The guidance also indicates that in assessing whether or not lawful residence has been broken, caseworkers can take into account any evidence of exceptional circumstances where an applicant has overstayed by more than 28 days prior to 24 November 2016. Although the threshold for what constitutes ‘exceptional circumstances’ is high, this could include delays resulting from unexpected or unforeseeable causes, such as serious illness or postal delays.
There may even be other routes available to applicants who are unable to meet the long residence requirements, including an application for limited leave to remain under the 20 year rule. Under this alternative route a person does not need to have lived in the UK lawfully, but simply continuously. In these cases, residence can be lawful, unlawful or both.
By seeking expert legal advice on meeting the requirements for long residence, and by exploring all alternative options, you will be able to maximise your chances of a successful outcome or find the most suitable immigration route to secure your stay in the UK long-term.
UK long residence FAQs
Can I get indefinite leave to remain after 10 years?
To apply for indefinite leave to remain on the basis of 10 years’ residence, you must have resided in the UK on a lawful basis for at least 10 continuous years.
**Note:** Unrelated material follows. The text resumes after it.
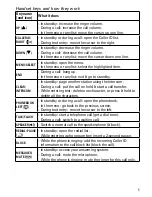 Preview for 7 page of Uniden DECT2180 User Manual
You must also satisfy all the other eligibility requirements under the long residence rules, including proving your knowledge of language and life in the UK.
What is the 10-year private life route?
The 10-year private life route refers to where an applicant has lived in the UK for a period of at least 120 months with continuous leave on the grounds of private life. Under this route, an applicant will be granted indefinite leave to remain where they can show 10 years’ continuous leave in this category and satisfy all of the other requirements under the rules.
Can I apply for indefinite leave to remain after 20 years?
You will be eligible for indefinite leave to remain, or settlement, after just 10 years of living in the UK, provided you were residing in the UK on both a continuous and lawful basis throughout this period. Under the 20 year rule, you can only apply for limited leave to remain, but you will not need to show you have lived in the UK lawfully, just continuously.
The matters contained in this article are intended to be for general information purposes only. This article does not constitute legal advice, nor is it a complete or authoritative statement of the law, and should not be treated as such. Whilst every effort is made to ensure that the information is correct, no warranty, express or implied, is given as to its accuracy and no liability is accepted for any error or omission. Before acting on any of the information contained herein, expert legal advice should be sought.